Darle una función social a la propiedad (urbana) no es algo poco común. Por ejemplo -con diferentes alcances- el Estatuto de la Ciudad de Brasil y las constituciones de Colombia y Chile también incluyen este principio. Que la propiedad tenga una función social, pues, no implica eliminar el mercado de suelo. Lo que sí implica es que se busque que el uso de suelo sirva a la sociedad y no principalmente a sus propietarios. En el sentido que le doy, implicaría que por servir a la sociedad se entienda garantizar ciertos derechos (a la ciudad, a la vivienda, a los servicios urbanos, a la participación en la forma de producir ciudad), y buscar la justicia social o una justa distribución de los costos y beneficios de la urbanización (como dice el Estatuto de la Ciudad de Brasil, art. 2-IX). Evidentemente, se trata de un principio sobre el cual basar políticas específicas. Y obviamente, que se declare que la propiedad tenga una función social no garantiza que la vaya a tener, pero sí abre la posibilidad de encarar los problemas urbanos de otra forma, y de incorporar nuevas demandas.
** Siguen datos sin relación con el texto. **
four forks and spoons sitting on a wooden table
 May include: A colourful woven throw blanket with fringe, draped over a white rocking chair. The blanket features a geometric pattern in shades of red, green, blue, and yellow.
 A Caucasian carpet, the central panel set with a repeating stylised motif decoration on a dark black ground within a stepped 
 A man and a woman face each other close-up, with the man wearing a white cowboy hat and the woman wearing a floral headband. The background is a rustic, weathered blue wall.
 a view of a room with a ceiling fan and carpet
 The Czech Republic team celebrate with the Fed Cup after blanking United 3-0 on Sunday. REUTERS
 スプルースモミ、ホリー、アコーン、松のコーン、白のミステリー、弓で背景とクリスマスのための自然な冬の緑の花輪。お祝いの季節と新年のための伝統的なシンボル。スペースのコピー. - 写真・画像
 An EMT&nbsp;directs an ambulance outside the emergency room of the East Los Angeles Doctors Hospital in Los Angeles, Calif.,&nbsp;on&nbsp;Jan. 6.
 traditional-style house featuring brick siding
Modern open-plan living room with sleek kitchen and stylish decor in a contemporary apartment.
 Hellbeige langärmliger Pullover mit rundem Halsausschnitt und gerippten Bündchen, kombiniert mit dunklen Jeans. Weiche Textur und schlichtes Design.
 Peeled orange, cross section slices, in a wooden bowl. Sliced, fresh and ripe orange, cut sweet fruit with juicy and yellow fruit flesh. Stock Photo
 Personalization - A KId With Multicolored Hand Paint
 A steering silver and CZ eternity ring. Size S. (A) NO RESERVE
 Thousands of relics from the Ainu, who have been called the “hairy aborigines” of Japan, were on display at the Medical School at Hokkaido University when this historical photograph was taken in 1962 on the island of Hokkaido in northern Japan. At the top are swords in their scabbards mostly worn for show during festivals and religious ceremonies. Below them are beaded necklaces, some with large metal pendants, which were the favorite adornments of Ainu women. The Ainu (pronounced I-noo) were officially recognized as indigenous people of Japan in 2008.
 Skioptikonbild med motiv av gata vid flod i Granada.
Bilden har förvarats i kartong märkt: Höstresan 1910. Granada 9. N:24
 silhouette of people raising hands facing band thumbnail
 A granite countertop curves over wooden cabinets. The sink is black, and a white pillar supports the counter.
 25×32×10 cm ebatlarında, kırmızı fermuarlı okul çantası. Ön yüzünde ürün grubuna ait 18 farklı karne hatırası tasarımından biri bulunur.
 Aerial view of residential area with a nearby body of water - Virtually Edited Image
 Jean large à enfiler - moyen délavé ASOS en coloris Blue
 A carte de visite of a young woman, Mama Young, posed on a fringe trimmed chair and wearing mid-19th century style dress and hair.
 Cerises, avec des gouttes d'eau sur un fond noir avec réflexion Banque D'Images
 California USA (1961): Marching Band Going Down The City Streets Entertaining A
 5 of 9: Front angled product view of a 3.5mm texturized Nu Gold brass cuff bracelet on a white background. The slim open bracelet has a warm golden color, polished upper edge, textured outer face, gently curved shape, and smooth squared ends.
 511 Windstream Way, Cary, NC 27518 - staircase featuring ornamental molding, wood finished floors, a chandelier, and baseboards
En los siguientes posts voy a profundizar en algunos otros ejemplos de posibles políticas que se basen en la función social de la propiedad. Por ahora, voy a terminar diciendo que el nexo entre este principio y tales políticas específicas es la recuperación del rol del estado en la planificación urbana. Aquí también el estado ya tiene un rol. Actualmente, ese rol consiste principalmente, además de lo descrito líneas arriba, en establecer alianzas con el sector privado para proveer servicios e infraestructura. Este modelo permite usar fondos que de otra manera no estarían disponibles. El problema es que puede generar un sesgo hacia servicios e infraestructura que sean rentables, ya sea por el lugar donde se proveen o por la forma que toman. Un ejemplo es el programa de autopistas con peaje de la municipalidad de Lima: en los últimos seis años prácticamente toda la inversión a cargo de la municipalidad de Lima en infraestructura de transporte se ha dirigido a infraestructura especializada en el 10% de los limeños que usan auto. El programa consiguió fondos que de otro modo no habrían estado disponibles, pero a costa de priorizar la movilidad de la minoría que tiene dinero para pagar por la infraestructura.

En los siguientes posts voy a extenderme sobre la forma que podría tomar este cambio en el rol del estado en la planificación con ejemplos específicos de propuestas.

Notas:

¹Si esto sigue pareciendo demasiado ambiguo, recomiendo leer el Estatuto de la Ciudad de Brasil, especialmente los artículos 2 y 39, que se refieren a la función social de la propiedad urbana. De todos modos, dado que se trata de un principio y no de una política específica, el concepto siempre va a ser necesariamente ambiguo y sujeto a interpretación.

²A diferencia de otras mercancías, como los bienes de consumo, el suelo no es producido en el sentido económico. La conversión del suelo en mercancía no depende de un proceso productivo sino de un proceso social: la urbanización y la existencia de la propiedad (de algo que no es producido sino que “está ahí”) es lo que permite convertir a la tierra en mercancía, o lo que Karl Polanyi llamaría “mercancía ficticia.” Al no depender de un proceso productivo en el sentido de otros bienes, aumentar el rol del estado no necesariamente va a generar escasez de suelo como, por ejemplo, regular el precio de los zapatos podría generar escasez de zapatos.